Assim, a aposta na investigação doutoral em parceria com empresas, administração pública e sector social não vem apenas materializar a valorização desmesurada da ciência aplicada em detrimento da ciência fundamental, como traz um novo paradigma de redistribuição do financiamento por áreas científicas. Deste modo, o Ministério expia a culpa do reajuste por si implementado, inversamente proporcional à tendência sistemática do elevado número de candidaturas em Ciências Sociais, Artes e Humanidades por comparação com as restantes áreas científicas sob a falácia de uma pretensa selecção natural do mundo real [itálico meu].

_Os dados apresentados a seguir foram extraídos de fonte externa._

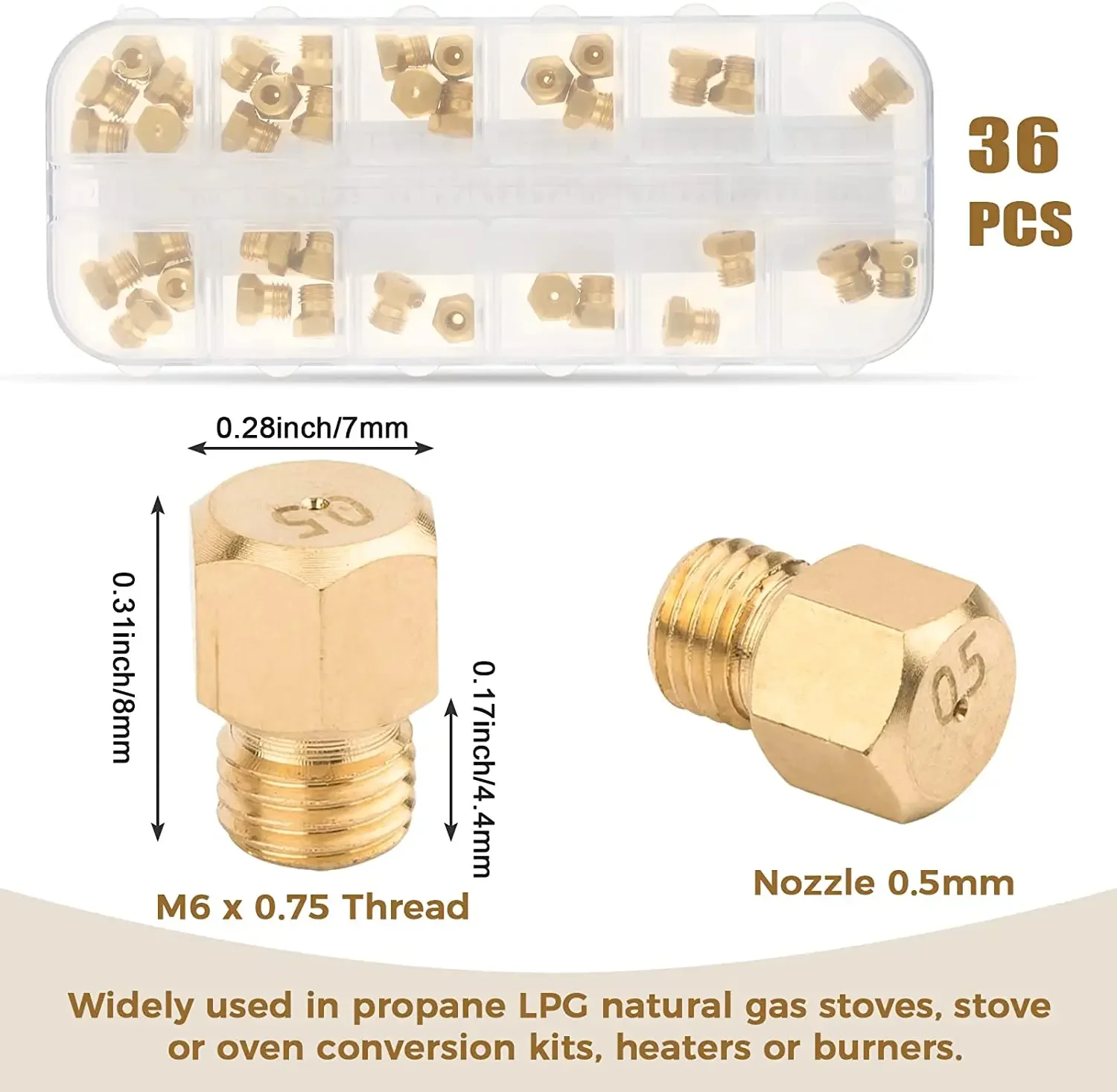 Kit Bico Queimador de Propano, - Steam Wand Tip avaliação e preço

Por fim, esta não é (para já) a denúncia de uma qualquer morte anunciada do financiamento para estas áreas mas antes uma simples constatação de como, disfarçada de novilíngua neoliberal (a inovação e as sinergias que para tudo servem), passa pelos pingos da chuva da maioria absoluta mais uma machadada num entendimento do ensino superior e da ciência como bem público, onde todos os saberes deveriam poder encontrar o seu espaço. A nota explicativa do Ministério da Ciência, Tecnologia e do Ensino Superior sobre o Orçamento do Estado, publicada ontem, abre com a frase “No ano em que se assinalam os 50 anos do 25 de abril queremos fazer história e virar mais uma página no ensino superior e ciência.” Neste, como em todos os outros sectores, talvez valesse mais a pena procurar cumprir Abril do que ultrapassá-lo. 

A autora é dirigente da Associação dos Bolseiros de Investigação Científica. As opiniões veiculadas nesta crónica não reflectem necessariamente a opinião da ABIC.